No âmbito político, os conservadores têm usado implacavelmente ataques à assistência médica transgênero como uma estratégia-chave em campanhas estaduais e federais (enquanto falham em melhorar a acessibilidade ou o acesso à assistência médica em geral). Ao apelar para a ética fundamentalista e tentar criar um pânico moral, eles deturpam a assistência médica transgênero como assustadora, experimental ou perigosa. Durante sua campanha presidencial, Donald Trump falsamente alegou que crianças estão passando por cirurgias transgênero durante o dia escolar. Agora que ele é presidente, suas ordens executivas, baseadas em inverdades, estão causando danos ainda maiores ao tornar um processo já complexo para a comunidade trans ainda mais carregado de incerteza e medo.

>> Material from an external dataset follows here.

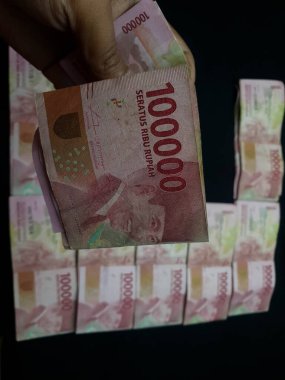 Milyonlarca Rupiah 'ın siyah arka planda olduğu bir el.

Enquanto isso, a Igreja ensina cuidado e compaixão por todas as pessoas, enfatizando a dignidade única de cada indivíduo, mas há uma lacuna entre esses ensinamentos e a maneira como os católicos geralmente agem em relação às pessoas LGBTQ. Em resposta às ordens executivas inaugurais de Trump, a Conferência dos Bispos Católicos dos Estados Unidos se manifestou em defesa dos imigrantes, mas falhou em defender as pessoas transgênero e seus direitos — especialmente o direito de acesso à assistência médica. Uma resposta católica mais compassiva teria sido defender políticas que protegessem esses direitos, garantindo que tivéssemos acesso a tratamentos que salvam vidas, como terapia hormonal e cuidados de afirmação de gênero.
Essa disparidade preocupante entre o chamado por compaixão e a realidade da exclusão não é apenas uma diferença abstrata de opinião. Ela se torna uma preocupação social porque o preconceito e a discriminação na vida pública seguem tal omissão de compaixão. Tentativas legais de legislar para afastar a existência de pessoas transgênero e remover o acesso a tratamentos que salvam vidas para disforia de gênero são galopantes agora nos EUA. Se quisermos ser uma igreja totalmente enraizada nos valores semelhantes aos de Cristo de compaixão, dignidade e respeito por todas as pessoas — incluindo o chamado para amar o próximo, dar apoio aos marginalizados e agir com justiça e empatia — as atitudes de nossos líderes precisam mudar substancialmente.
O compromisso da nossa Igreja com o cuidado e a compaixão não deve ser um ideal passivo, mas um chamado à ação, exigindo que defendamos os direitos de saúde de pessoas marginalizadas — indivíduos transgênero incluídos. É hora de a Igreja praticar o que prega apoiando pessoas trans — não apenas em palavras, mas em ações. Os católicos não devem apenas falar, mas também fazer lobby por mudanças políticas que garantam o acesso a tratamentos que salvam vidas, oferecer cuidados pastorais que afirmem a identidade de gênero e apoiar publicamente os direitos de indivíduos transgênero em ambientes de saúde.